Again, you might be objecting – “My situation is different. You started since freshman year while I am already a senior in college and don’t have enough time to build a resume like you did. Time is not on my side anymore!” This brings me to the last point – time is relative considering your entire lifespan. I have some friends with no summer internships during their junior year, but kept working at it and got a full-time offer. I also know a couple of people that didn’t have a job when graduating from college but continued looking during the one year allowance from OPT and succeeded in the end. Their success stories were examples that if you want it bad enough and are willing to go above and beyond, you will get what you want. Your follow-up question might be – “what if luck was not on my side and I was still not able to find anything once the one year is up?” Well, don’t let that define the rest of your life. One of my favorite quotes is “Life is not a sprint but a marathon”. Should working full-time in the US be your goal, you always have the option of returning to the US for MBA. You will get there eventually and your commitment is tested through the passage of time. Encouraged by “He who laughs last, laughs best”, I always stay hopeful even if I fail. Because I know as long as I keep trying, failure is only temporary.
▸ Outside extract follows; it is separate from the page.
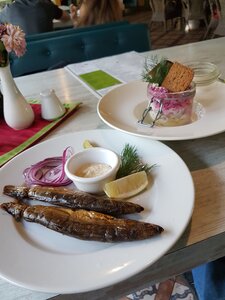 Sitiy ezhik (derevnya Pereleski, Tsentralnaya ulitsa, 45), cafe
Looking back, each event serves a purpose – giving up leisure time to find work experience built up my resume, letting go of my inner insecurity and pursuing networking connections got me connections with the company I would like to work for, and always being committed to whatever I do led others to become my advocates. No matter where you are in the stage, do not be discouraged if things don’t turn out the way you hope. Keep at it and have faith that things would eventually work out for the best.